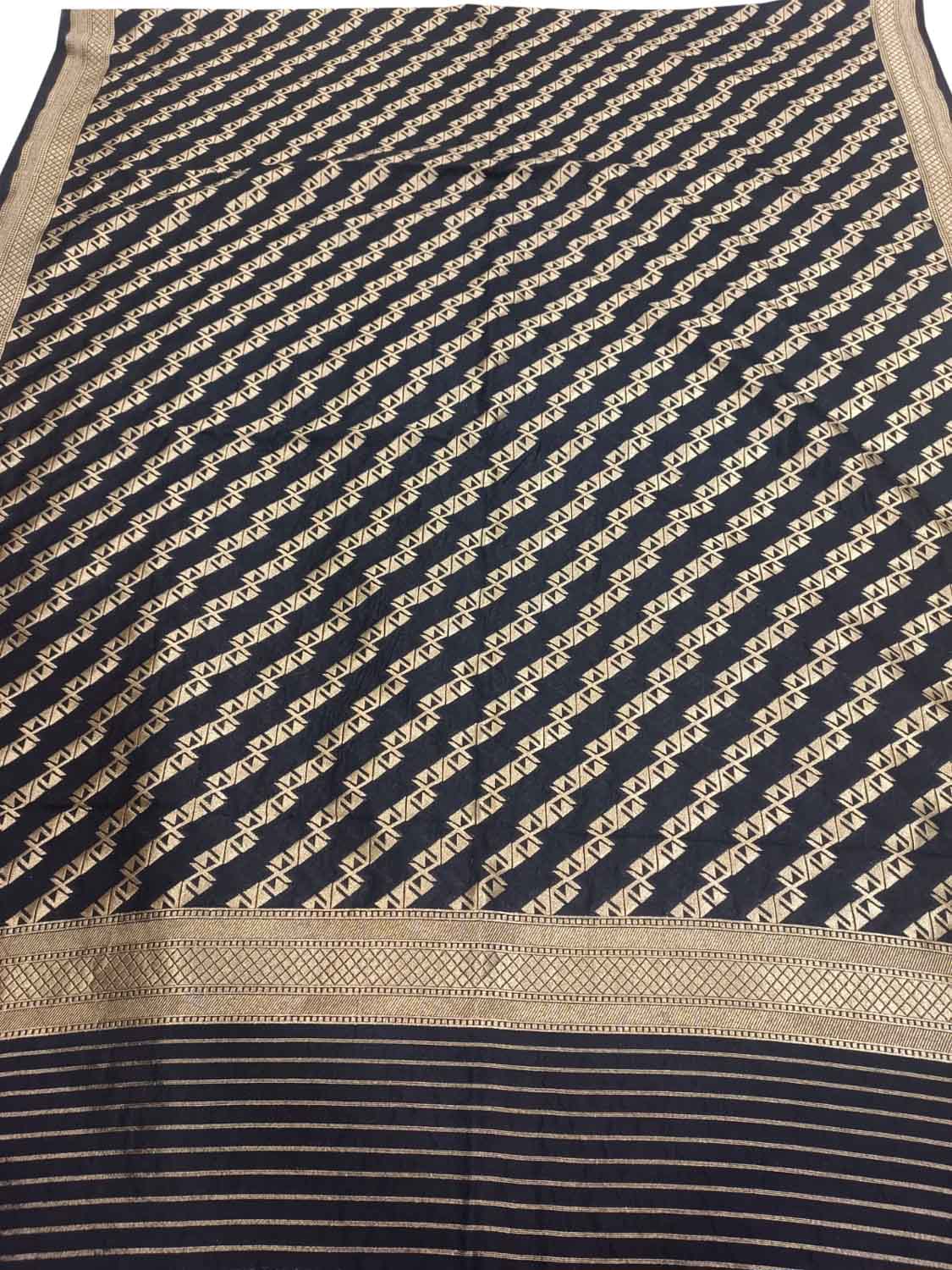 Black Banarasi Silk Dupatta - Luxurion World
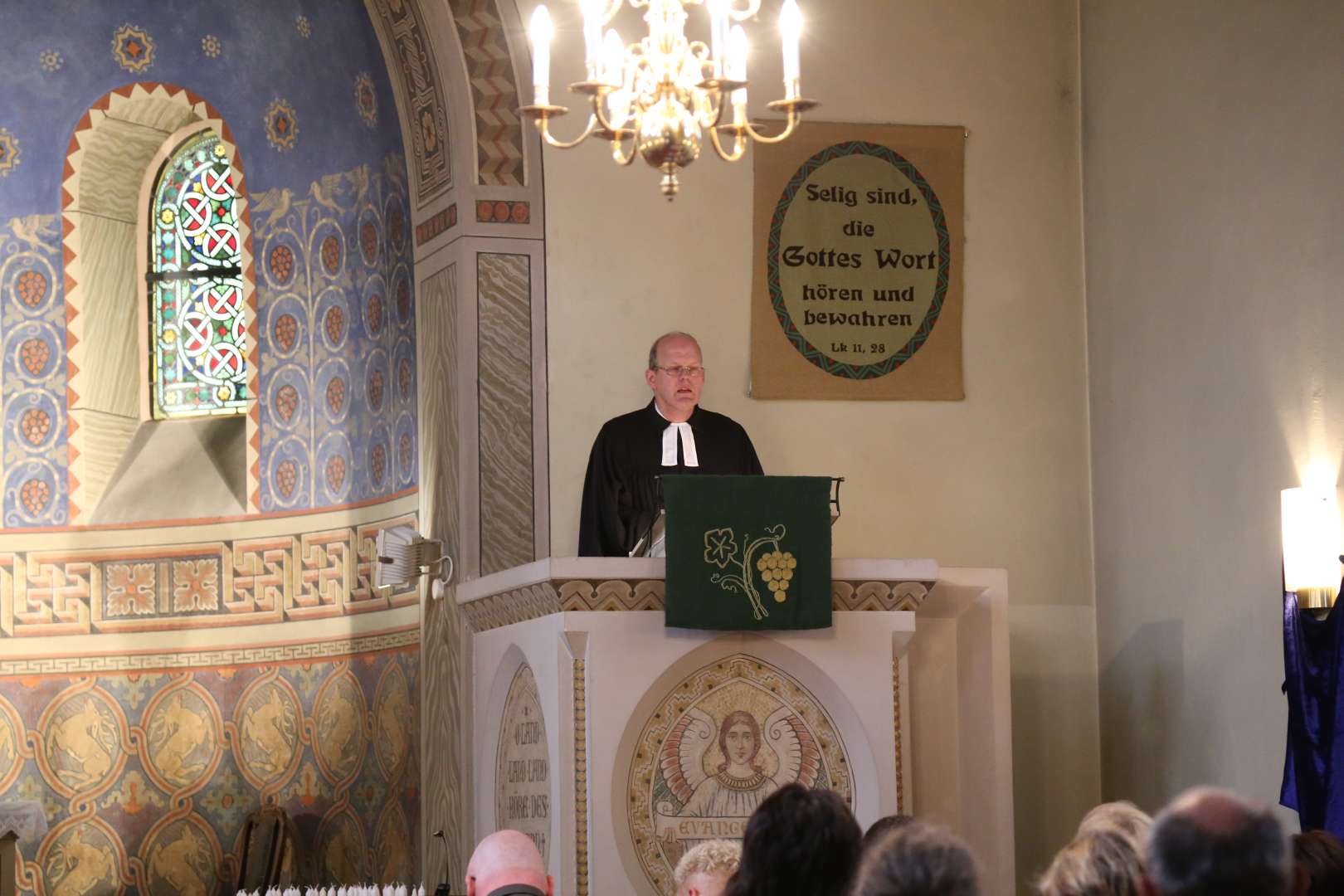 Tauferinnerung mit Taufe von Mia Hauptmann in der Sommerkirche in Coppengrave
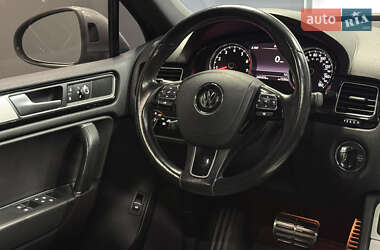 Внедорожник / Кроссовер Volkswagen Touareg 2016 в 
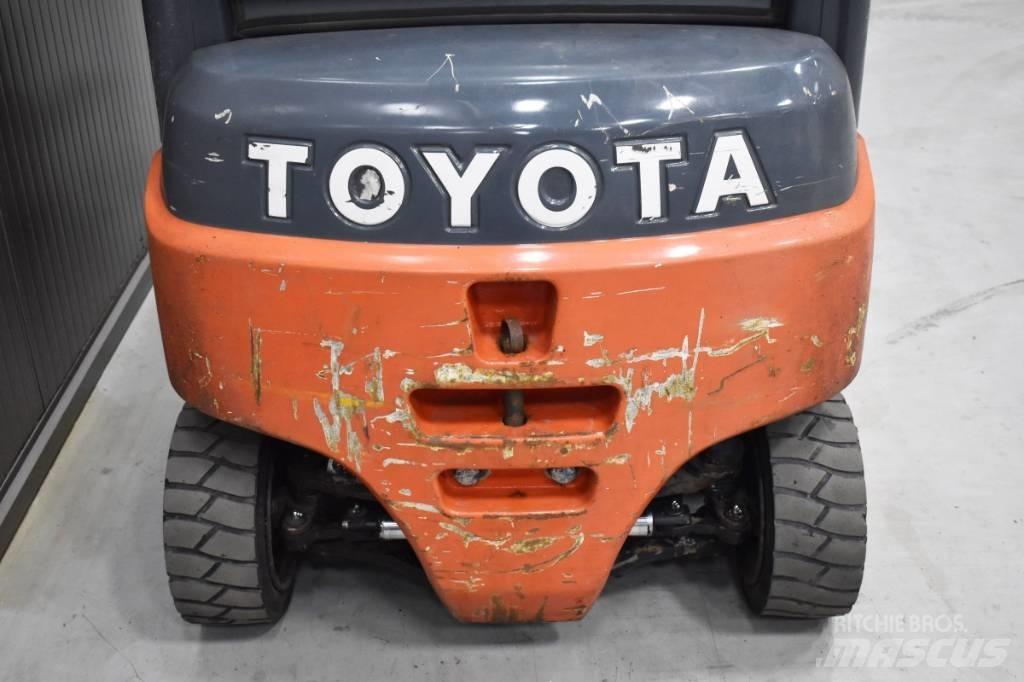 Toyota 8FBM16T 电动叉车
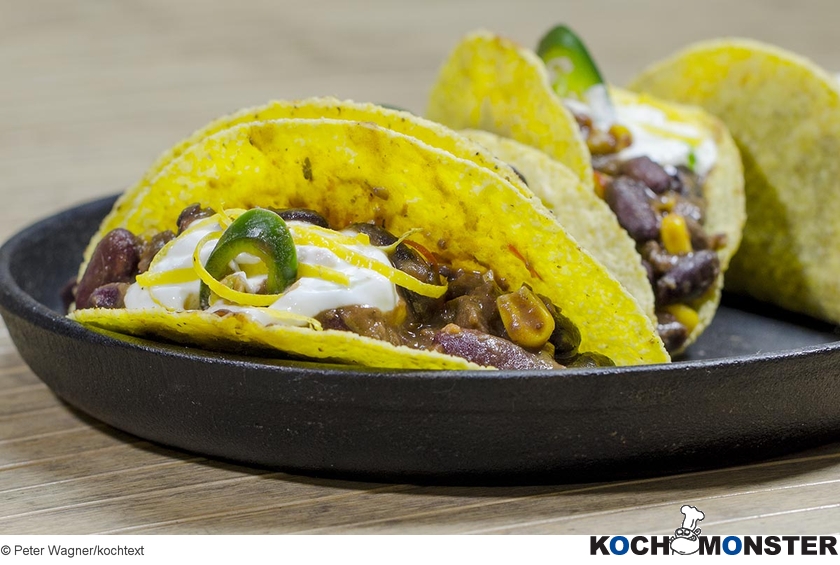 Chili con Carne mit selbst gemachten Taco-Shells
Foto (c) Peter Wagner/kochtext
(stark reduzierte Bildqualität) Chili con Carne mit selbst gemachten Taco-Shells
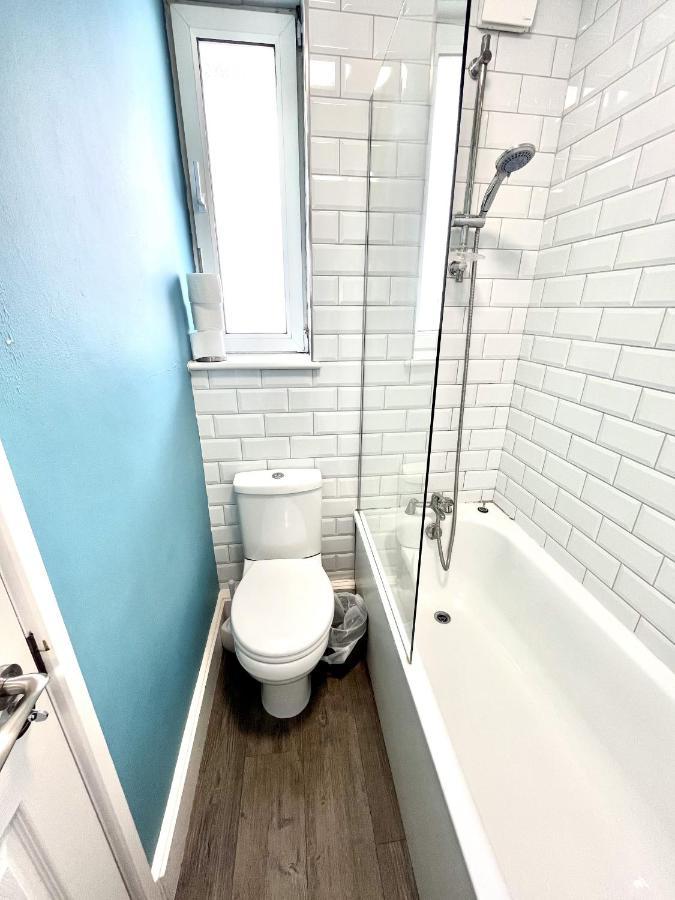 Modern 2 Bed Flat Close To Shoreditch / Free Wi-Fi ลอนดอน ภายนอก รูปภาพ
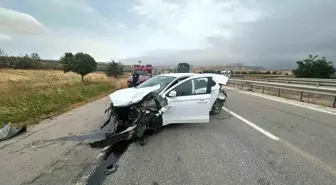 Amasya'da Otomobil Tıra Çarptı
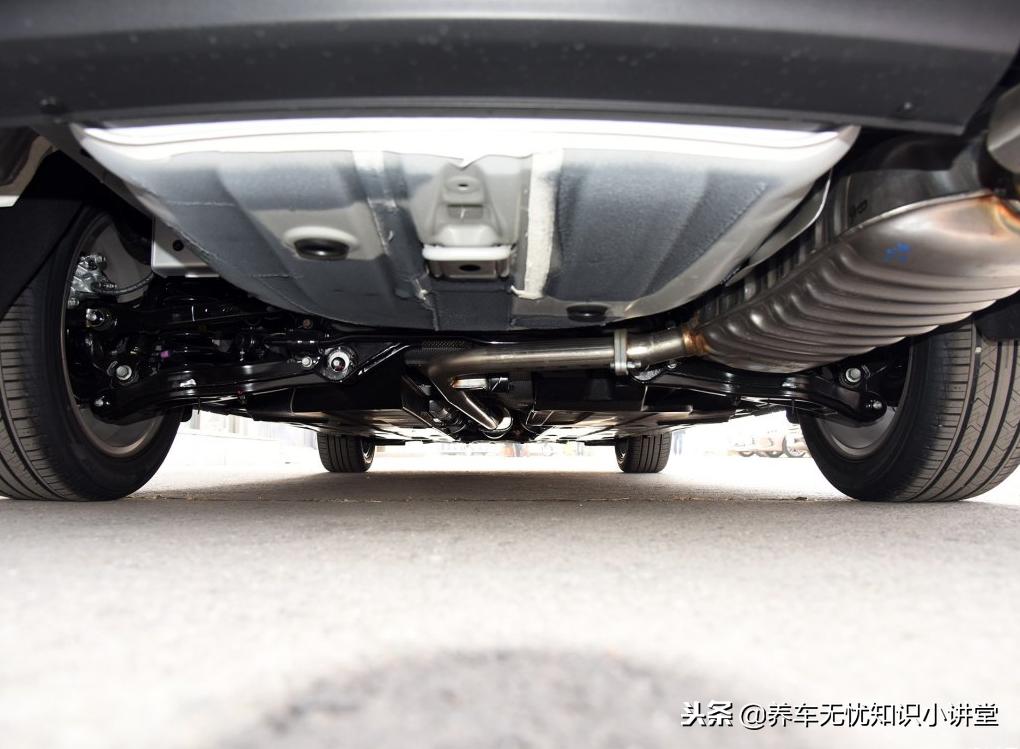 买二手现代名图合适吗,买现代名图好还是买现代朗动好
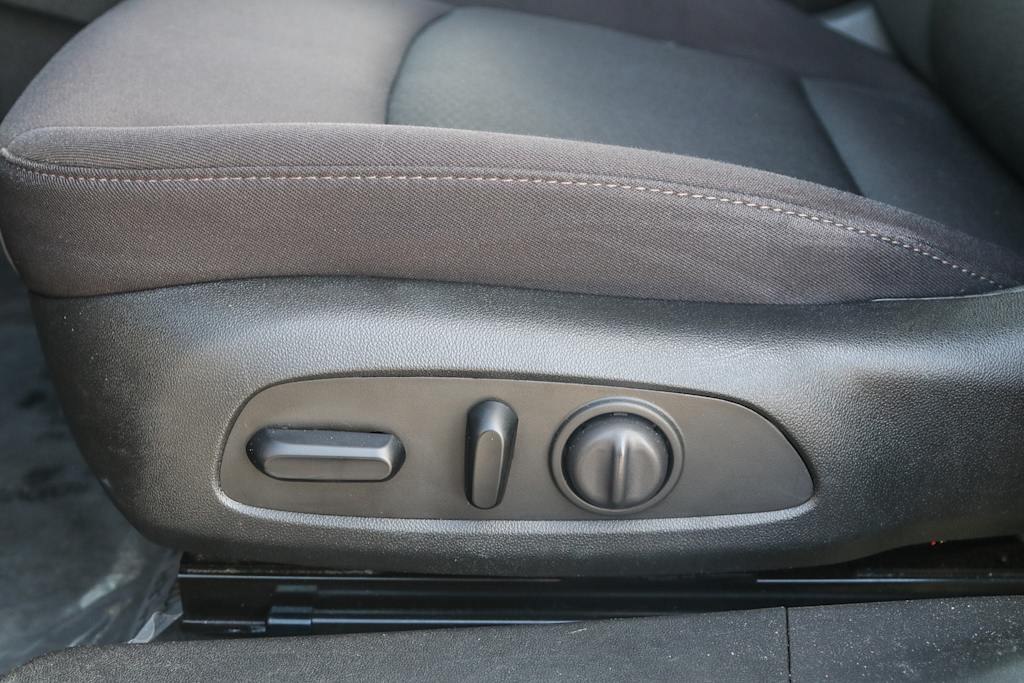 Thumbnail: 2023 Chevrolet Malibu - 26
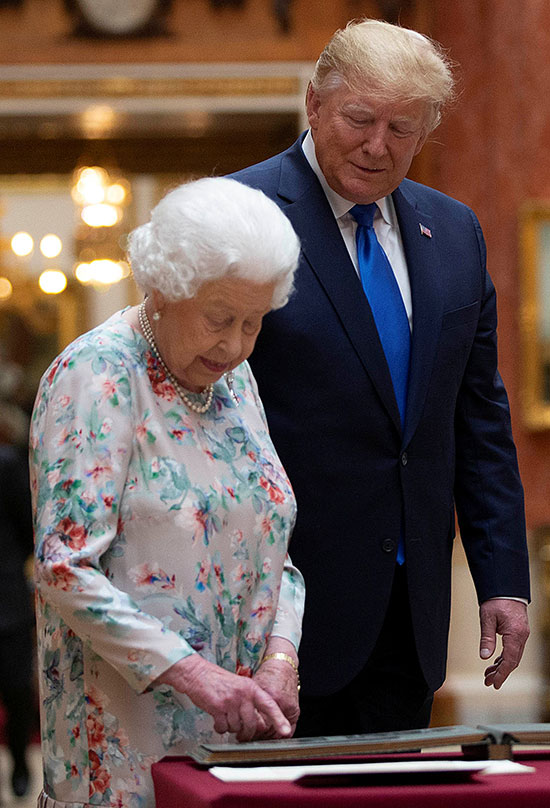 ترامب والملكة إليزابيث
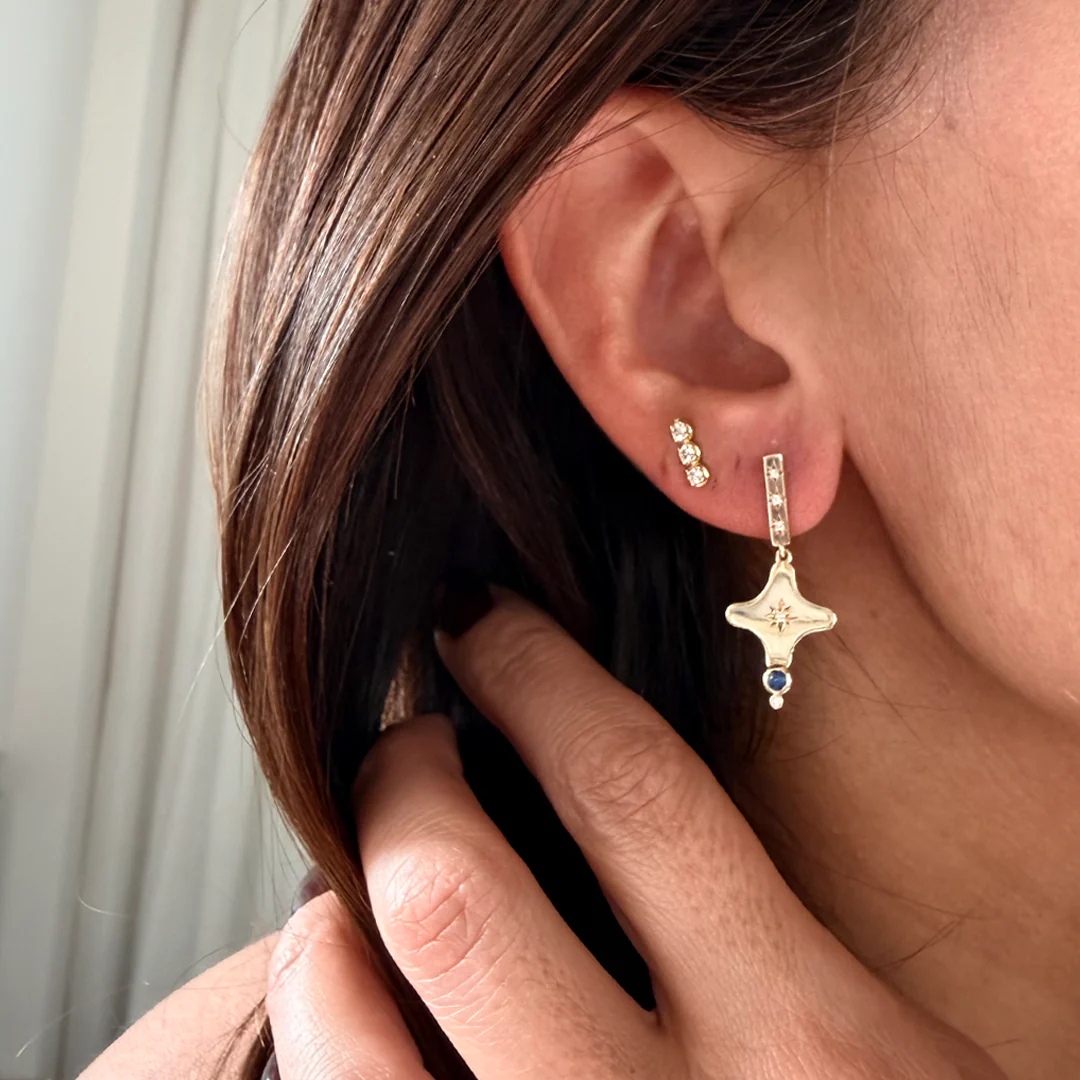 14K Gold Star-Shaped Earring with Diamonds & Sapphire - Image 2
════════════════════
Copy all the lines of data exactly as they appear, dropping any images.

YOUR SOLUTION:
 Black Banarasi Silk Dupatta - Luxurion World
 Tauferinnerung mit Taufe von Mia Hauptmann in der Sommerkirche in Coppengrave
 Внедорожник / Кроссовер Volkswagen Touareg 2016 в 
 Toyota 8FBM16T 电动叉车
 Chili con Carne mit selbst gemachten Taco-Shells
Foto (c) Peter Wagner/kochtext
(stark reduzierte Bildqualität) Chili con Carne mit selbst gemachten Taco-Shells
 Modern 2 Bed Flat Close To Shoreditch / Free Wi-Fi ลอนดอน ภายนอก รูปภาพ
 Amasya'da Otomobil Tıra Çarptı
 买二手现代名图合适吗,买现代名图好还是买现代朗动好
 Thumbnail: 2023 Chevrolet Malibu - 26
 ترامب والملكة إليزابيث
 14K Gold Star-Shaped Earring with Diamonds & Sapphire - Image 2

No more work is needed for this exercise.